Abstract PCNA is a critical regulator and facilitator of many cellular processes such as DNA replication, DNA repair, recombination, chromatin structure and apoptosis. PCNA is a ring-shaped complex that acts as a sliding platform on DNA for the arrangement of scores different proteins to assemble and act on chromatin. Abnormal PCNA activity is associated with the development and metastasis of cancer; consequently, PCNA is a target for development of chemotherapeutics. Two separate point mutations (Ser228Ile and Cys148Ser) in PCNA cause an autosomal recessive disorder (PCNA Associated DNA Repair Disorder or PARD) that results from defects in DNA repair. We hypothesize that these mutations disrupt PCNA’s stability and/or ability to bind to partner proteins. We further hypothesize that the PCNA defect in folding stability results in a shorter lifetime on DNA, thereby preferentially inhibiting DNA repair proteins that function near the end of PCNA’s lifetime on DNA. Our preliminary studies show that the S228I mutation disrupts the binding site for PCNA partners, yet some partners overcome this disruption to bind PCNA. We hypothesize that the S228I mutation disrupts the structure and dynamics of the binding site such that the DNA repair pathway is disproportionately perturbed. We further find that both PARD mutations disrupt PCNA stability, which could decrease the lifetime of PCNA on DNA. In support of this hypothesis, we find that PCNA levels on chromatin are abnormally low in patient-derived fibroblast cells. We will address these hypotheses with three specific aims: (1) To determine how the PARD mutations alter PCNA structure, stability, and dynamics, (2) to determine the biochemical effects of PARD variants on PCNA longevity and on partner binding and activity, and (3) to identify which cellular factors and pathways are disrupted. Our studies will determine the robustness or fragility of PCNA-mediated pathways such as DNA repair and DNA replication, which will define how PCNA affects cancer. Our work will also uncover how PCNA structure and dynamics controls partner binding, which will guide efforts to develop small molecules that disrupt specific PCNA-mediated.

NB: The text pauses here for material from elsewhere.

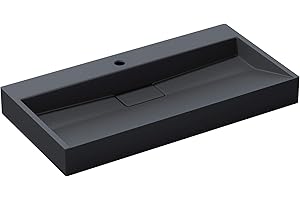 doporro Lavabo da Appoggio, Lavabo Bagno Sospeso 90x46x11cm, Lavandino Bagno da Minerale Fuso Colossum19-900, un Foro per Rubinetteria, Antracite Opaco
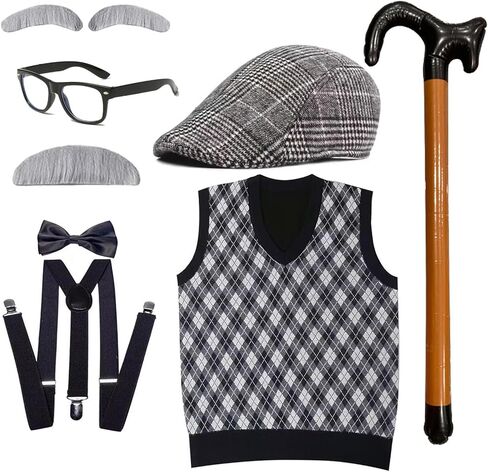 Old Man Costume Set for Kids, 100 Days of School Costume for Boys, Grandpa Cosplay in Saudi Arabia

抽象的 PCNA是许多细胞过程的关键调节剂，也是 DNA复制，DNA修复，重组，染色质结构和凋亡。 PCNA是一种环形复合物，充当DNA的滑动平台 分数的排列不同的蛋白质以组装和作用于染色质。 PCNA活性异常与发展和转移有关 癌症;因此，PCNA是化学治疗剂开发的靶标。 PCNA中的两个单独的点突变（Ser228ile和Cys148ser）导致 常染色体隐性障碍（PCNA相关的DNA修复障碍或PARD） 这是由于DNA修复缺陷所致。我们假设这些突变 破坏PCNA的稳定性和/或与伴侣蛋白结合的能力。我们进一步 假设折叠稳定性中的PCNA缺陷导致寿命较短 在DNA上，优先抑制在附近起作用的DNA修复蛋白 PCNA在DNA上的生命结束。我们的初步研究表明S228i 突变破坏了PCNA合作伙伴的绑定站点，但一些合作伙伴 克服这种破坏以结合PCNA。我们假设S228i突变 破坏结合位点的结构和动力学，使DNA修复 途径不成比例地扰动。我们进一步发现两个 突变破坏PCNA稳定性，这可能会降低PCNA的寿命 脱氧核糖核酸。为了支持这一假设，我们发现染色质上的PCNA水平是 交替使用患者衍生的成纤维细胞。 我们将以三个特定的目的解决这些假设：（1）确定如何 PARD突变改变了PCNA结构，稳定性和动力学，（2）至 确定帕德变体对PCNA寿命和对PCNA寿命的生化效应 伴侣结合和活动，（3）确定哪些细胞因素和 途径被干扰。我们的研究将确定 PCNA介导的途径，例如DNA修复和DNA复制，将 定义PCNA如何影响癌症。我们的工作还将发现PCNA的结构如何 动态控制合作伙伴的绑定，这将指导努力发展小型 破坏特定PCNA介导的分子。